[Ontology-editors] [Chebi-ontology] Inference of GO BP relationships from CHEBI

Chris Mungall cjm at berkeleybop.org
Fri Jun 26 13:03:13 PDT 2009


On Jun 26, 2009, at 5:11 AM, Jane Lomax wrote:

> Hi Chris - I guess I thought that in the situation like the  
> glutamine/amine one you describe we would actually change our  
> classes to reflect ChEBI - i.e. we would obsolete (or merge/rename)  
> 'cellular amine metabolism' rather than trying to model what we  
> already had in a rather awkward way. So we might have:
>
> carboxylic acid metabolism
> ---[i] amino acid metabolism
> ------[i] glutamine metabolism

In fact we already have this as one is_a path in GO. We could  
certainly get rid of the path to 'cellular amine metabolic process' by  
obsoleting the term, it would decrease the tangling in GO. But if we  
applied this across the board we could potentially lose many valuable  
grouping terms and change the results of enrichment analyses etc.

A google search for "cellular amine metabolism" returns one result,  
and all results for "cellular amine metabolic process" all lead to GO.  
So in this case the term is perhaps suspect.
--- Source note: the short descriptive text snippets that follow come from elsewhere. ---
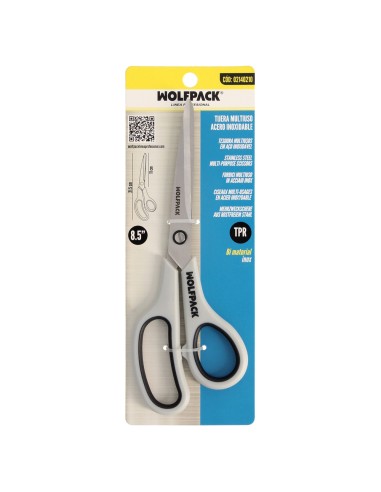 Tijeras Multiuso Acero Inoxidable 8,5" / 220 mm. Hojas Acero Inoxidable, Mango Comodo y Suave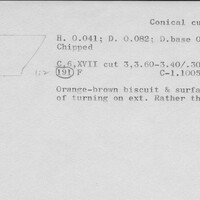 Index card with typed and handwritten information, sometimes including a sketch, of pottery from an excavation.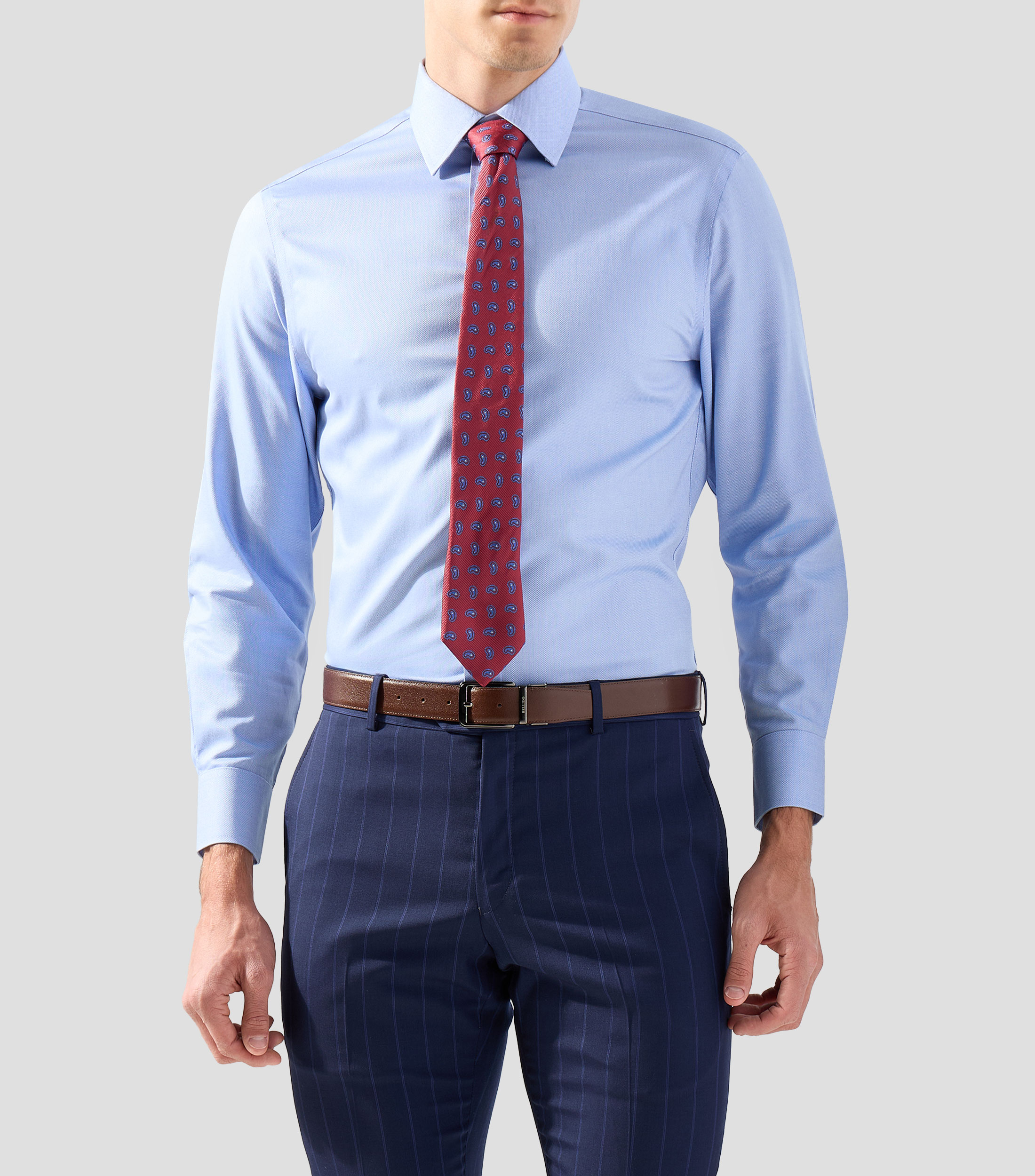 Camisa de vestir microdiseño manga larga Hombre
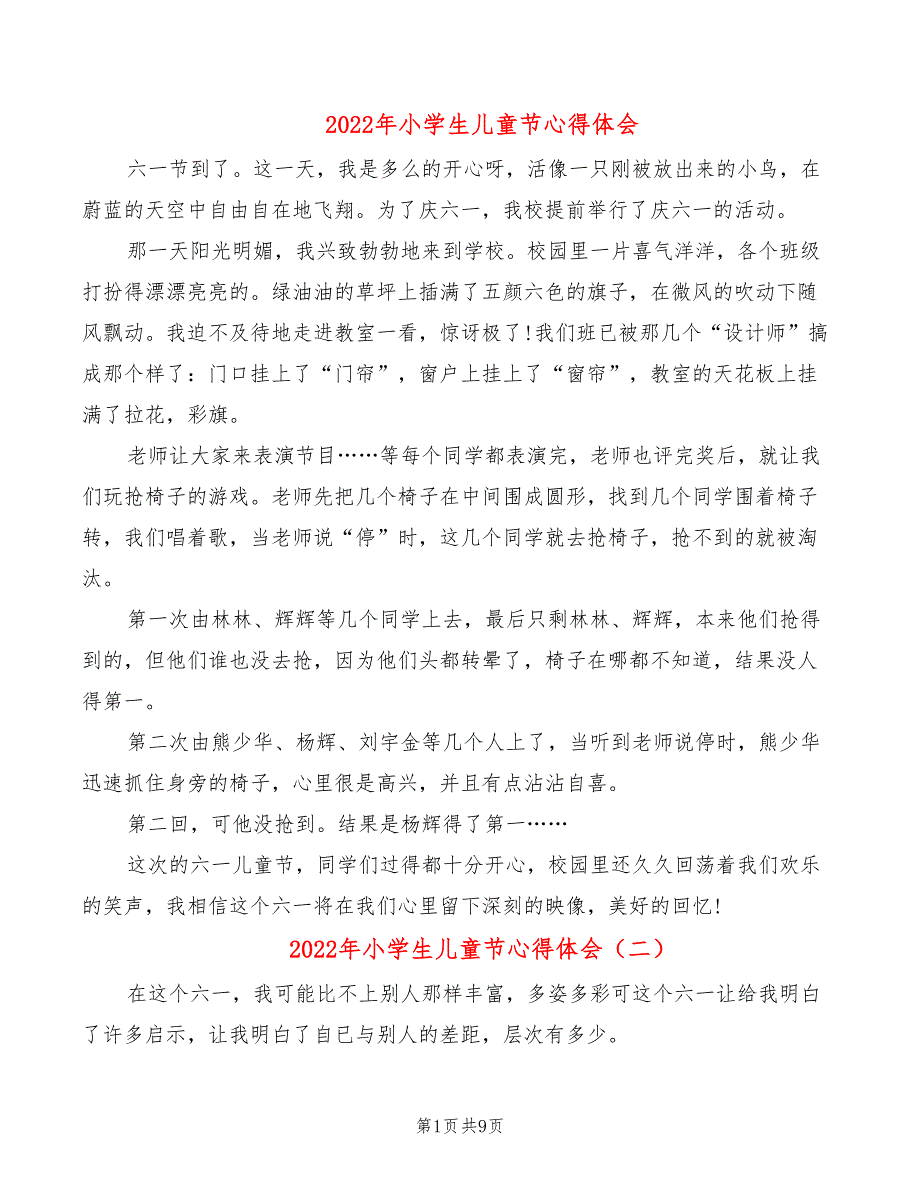 2022年小学生儿童节心得体会_第1页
But without the  
"cellular" prefix it's a common term so I think we have to account for  
it at least as a synonym.

> or whatever classes we chose from ChEBI - a ChEBI slim might be  
> useful here actually.

I had imagined the CHEBI slim would be generated automatically based  
on what terms we selected for our (GO's) logical definitions.

> Not sure what we do about multiple is_a inheritance in ChEBI though.  
> Maybe it would be possible to use a single-inheritance slim?

Multiple inheritance isn't a problem per se. What's important is that  
there is a single asserted is_a hierarchy (which you get by having  
genus-differentia definitions). You can still keep grouping terms,  
with these being entailed by the logical definitions.

Starting with a CHEBI single inheritance slim is a great idea. Of  
course, it would be better to have the fully refactored ontology with  
computable genus-differentia definitions but this is a lot of work, so  
starting with a single inheritance slim is a good start.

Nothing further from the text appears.